In order to train the model and decode after cloning the repository there is just 1 thing you should need to do: 1- cd into pedro_scripts and run "python format_wavscp.py" Then to train/decode/get results just: ./run.sh
You might need to change DATA_ROOT in path.sh if you did not clone this repo in the directory kaldi/egs.
To get the transcriptions generated by the ASR system type the following:
../../src/latbin/lattice-best-path ark:'gunzip -c exp/tri1/decode/lat.1.gz |' 'ark,t:| utils/int2sym.pl -f 2- exp/tri1/graph/words.txt > out.txt'
Directories:
Command to convert a directory of files to wav:
for f in *.m4a; do ffmpeg -i "$f" "${f/%m4a/wav}"; done
Command to downsample(It is necessary to create an extra directory for the downsampling cause the same filename cannot be used as input and output file, otherwise an error will happen):
mkdir tmp; for file in *.wav; do sox ${file} -r 16000 ./tmp/${file}; done
data: This will be the directory used in the experiment with the data already downsampled and convert to wav. Untouched is only for pedagogic purposes. Inside this directory in the train and test folder there are already the 5 required files mentioned in the kaldi for dummies tutorial (spk2gender,wav.scp,text,utt2spk and corpus.txt). In the local folder there are the 4 files needed for the language data (lexicon.txt, nonsilence_phones.txt, silence_phones.txt and optional silence). score.sh in local allows us to get metrics such as WER and SER to evaluate the system.

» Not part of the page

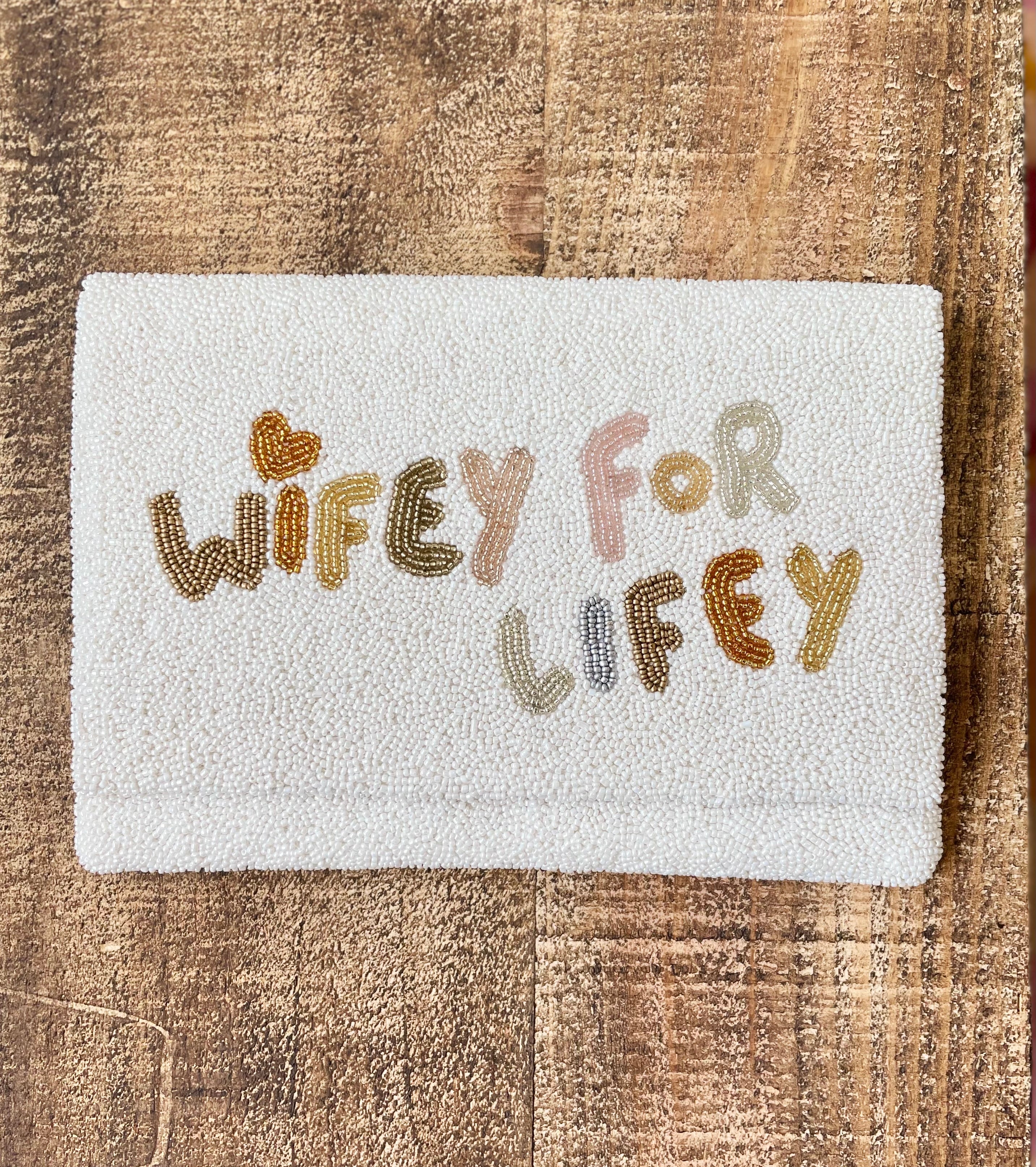 wifey for lifey beaded bridal handbag on wooden shelf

conf: This folder contains 2 files (taken from the kaldi for dummies tutorial. decode.config which has information related to the beam used in the decoding and mfcc.config which has to do with the feature extraction process.
pedro_scripts: This directory contains my scripts. format_wavscp.py formats the wav.scp files since the full paths of the audio files are needed in the wav.scp in the train and test folder and they change according to the machine where they are located. sort_dir , sorts the content of all files in a given a directory, since kaldi typically requires the content of the files to be sorted.